You register advisors on the builder (applies to all calls) or per call:
// On the builder — applies to every call through this client
@Bean
ChatClient chatClient(ChatClient.Builder builder, VectorStore vectorStore) {
return builder
.defaultSystem("You are a support assistant.")
.defaultAdvisors(
new QuestionAnswerAdvisor(vectorStore) // RAG — covered in Module 4
)
.build();
}
// Per call — applies to this call only
String answer = chatClient.prompt()
.user(question)
.advisors(new SimpleLoggerAdvisor())
.call()
.content();
The most important built-in advisors:
| Advisor | What it does | Module |
|---|---|---|
QuestionAnswerAdvisor | Retrieves relevant documents from a vector store and injects them into the prompt (RAG) | 4 |
MessageChatMemoryAdvisor | Injects conversation history into every call for multi-turn conversations | 5 |
SimpleLoggerAdvisor | Logs the request and response for debugging | Available now |
Tip: Add
SimpleLoggerAdvisorin your dev profile during early development. It logs the full prompt and response so you can see exactly what the model receives and returns — invaluable for debugging prompt issues.
.call() vs .stream() — when to use each
.call() waits for the complete response before returning. .stream() returns a Flux<String> that emits tokens as they are generated.
// Blocking — waits for complete response
String complete = chatClient.prompt()
.user("Explain microservices.")
.call()
.content();
// Streaming — returns tokens as they arrive
Flux<String> streamed = chatClient.prompt()
.user("Explain microservices.")
.stream()
.content();
Use .call() for:
- Background processing jobs
- API-to-API calls where the consumer does not need partial results
- Short responses (under ~1 second) where streaming adds no perceived benefit
- Structured output parsing (easier with a complete response)
Use .stream() for:
- Chat interfaces where users see the response being typed out
- Long responses where showing partial results reduces perceived latency
- SSE (Server-Sent Events) endpoints
The next post covers streaming in depth with a working SSE endpoint. This post covers the complete call() path. Get comfortable with call() first — you will use it far more often.
Caution:
stream()returns a coldFlux— nothing happens until you subscribe. If you return theFluxfrom a Spring MVC endpoint with the correctproducesmedia type, the framework subscribes. If you call.stream()in a method that discards the result, the LLM call never fires.

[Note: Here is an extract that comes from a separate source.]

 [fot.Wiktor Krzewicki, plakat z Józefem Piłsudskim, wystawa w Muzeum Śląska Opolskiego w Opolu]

A complete example: the support endpoint
Here is the support assistant endpoint that combines everything in this post:
@Configuration
class AiConfig {
@Bean
ChatClient supportClient(ChatClient.Builder builder) {
return builder
.defaultSystem("""
You are a customer support assistant for TechGadgets, an online electronics store.

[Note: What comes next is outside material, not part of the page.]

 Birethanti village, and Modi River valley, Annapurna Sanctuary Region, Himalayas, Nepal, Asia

Answer only questions about products, orders, and store policies.
If you cannot help, say: "I don't have that information right now."
Keep responses to 2–4 sentences.
""")
.defaultOptions(OpenAiChatOptions.builder()
.model("gpt-4o-mini")
.temperature(0.2)
.maxTokens(400)
.build())
.defaultAdvisors(new SimpleLoggerAdvisor())
.build();
}
}
@RestController
@RequestMapping("/api/support")
class SupportController {
private final ChatClient chatClient;
SupportController(@Qualifier("support") ChatClient chatClient) {
this.chatClient = chatClient;
}
@PostMapping("/chat")
SupportResponse chat(@RequestBody SupportRequest request) {
String answer = chatClient.prompt()
.user(request.question())
.call()
.content();
return new SupportResponse(answer);
}
}
record SupportRequest(String question) {}
record SupportResponse(String answer) {}
This is the foundation the support assistant is built on. Every module adds a layer: RAG (Module 4) to ground answers in real data, memory (Module 5) to make conversations stateful, tools (Module 6) to check live order status.
Note: The
ChatClientAPI is deliberately fluent and shallow — you can build a working endpoint in 10 lines. The depth is in advisors, structured output, and streaming, which the next three posts cover one at a time.